## What is needed
Every line from the one containing "bonds campaign steve" through the end of the listing below must be given again exactly, and nothing else; exclude pictures.

___ The records

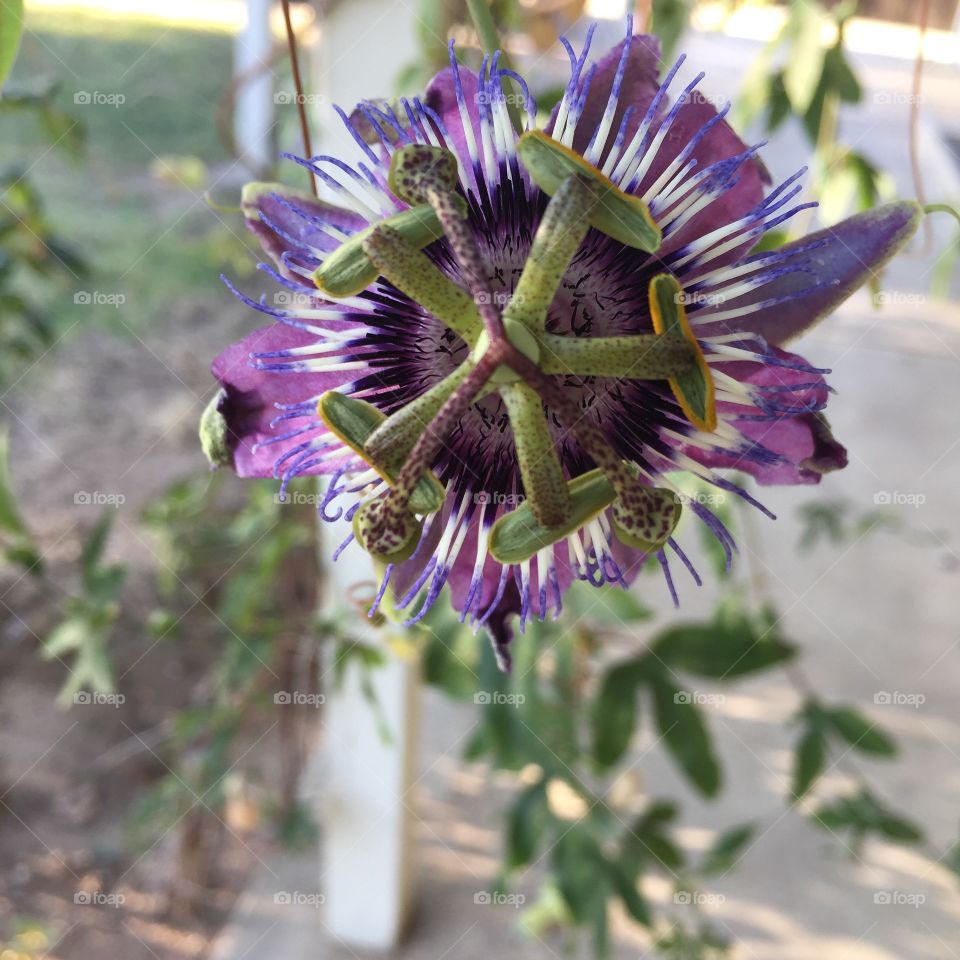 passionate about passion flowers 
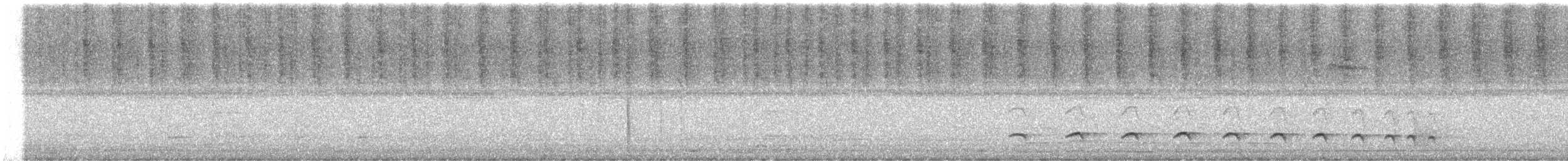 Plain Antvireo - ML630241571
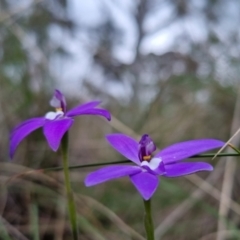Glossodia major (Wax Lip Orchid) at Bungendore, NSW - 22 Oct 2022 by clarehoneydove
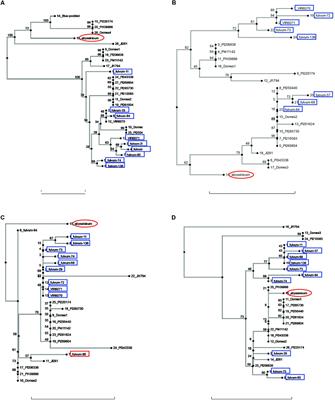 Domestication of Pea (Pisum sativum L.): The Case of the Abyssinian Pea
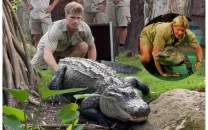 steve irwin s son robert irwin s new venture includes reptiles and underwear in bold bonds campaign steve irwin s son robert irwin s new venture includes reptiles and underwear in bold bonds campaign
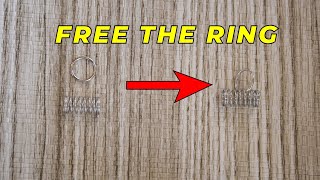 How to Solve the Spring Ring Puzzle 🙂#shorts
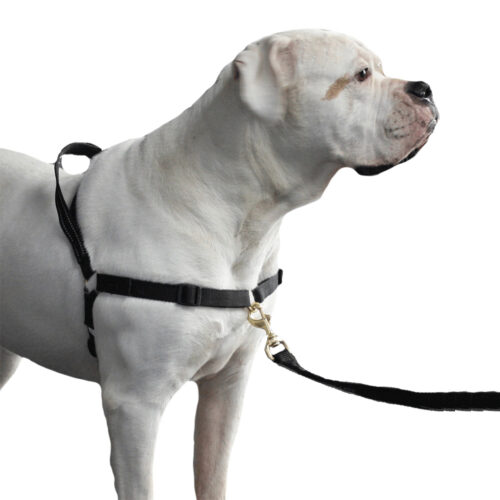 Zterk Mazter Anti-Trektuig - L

______

## Solution for this problem
 steve irwin s son robert irwin s new venture includes reptiles and underwear in bold bonds campaign steve irwin s son robert irwin s new venture includes reptiles and underwear in bold bonds campaign
 How to Solve the Spring Ring Puzzle 🙂#shorts
 Zterk Mazter Anti-Trektuig - L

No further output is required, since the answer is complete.